• **YOUR TASK**
Pictures aside, restate the records below exactly as written.

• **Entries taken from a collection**
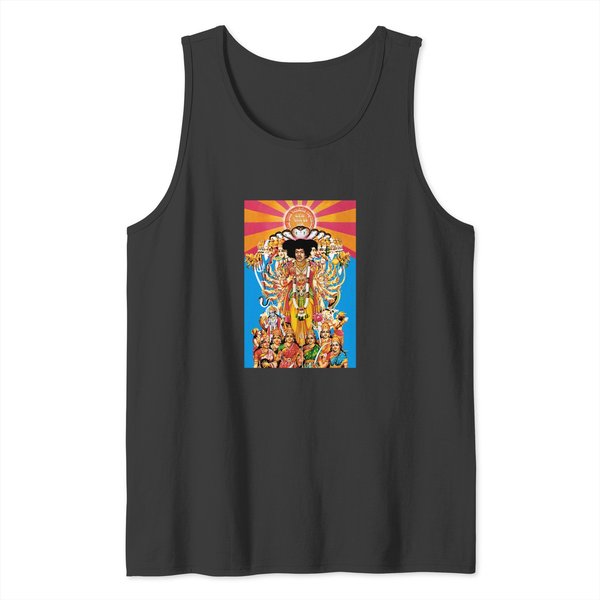 Bold As Love The Colors Of Jimi Hendrix Tank Tops-image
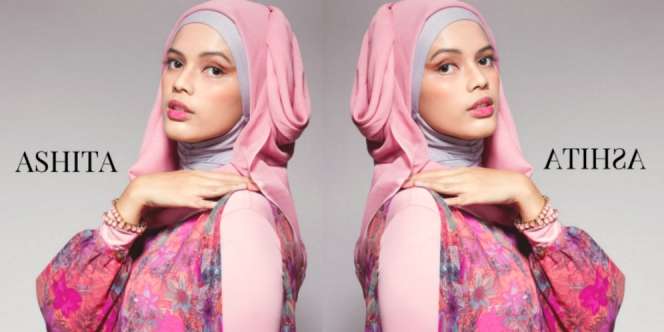 ASHITA: Busana 'Masa Depan' Muslimah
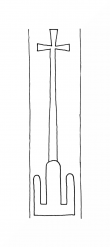 Wasserzeichen DE8100-HBII9_999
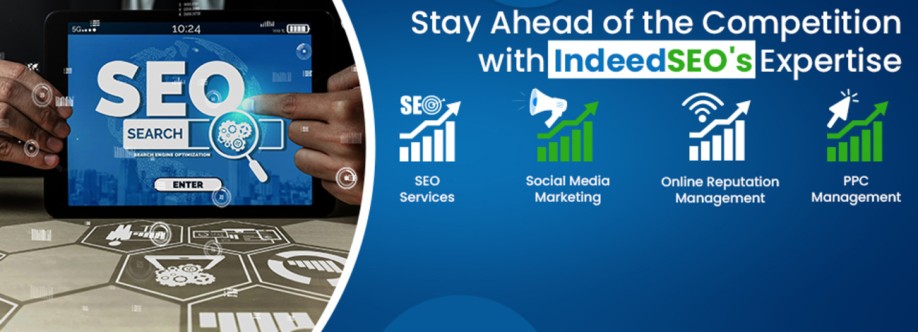 IndeedSEO Top SEO Company in Australia Cover Image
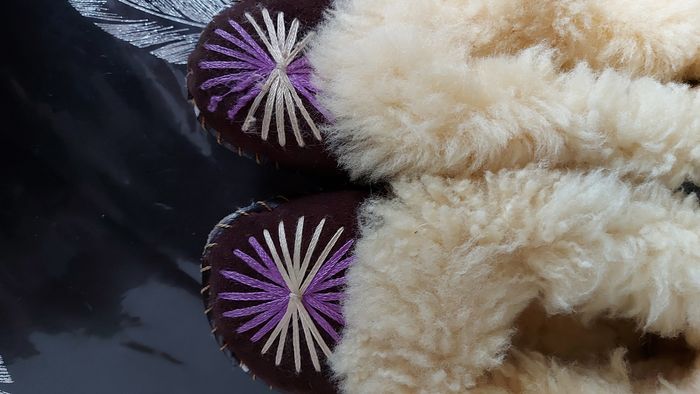 Chaussons - photo numéro 7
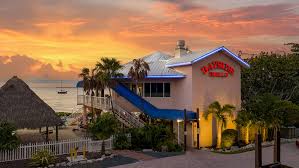 A Warm Welcome at Bayside Grille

• **ANSWER BOX**
 Bold As Love The Colors Of Jimi Hendrix Tank Tops-image
 ASHITA: Busana 'Masa Depan' Muslimah
 Wasserzeichen DE8100-HBII9_999
 IndeedSEO Top SEO Company in Australia Cover Image
 Chaussons - photo numéro 7
 A Warm Welcome at Bayside Grille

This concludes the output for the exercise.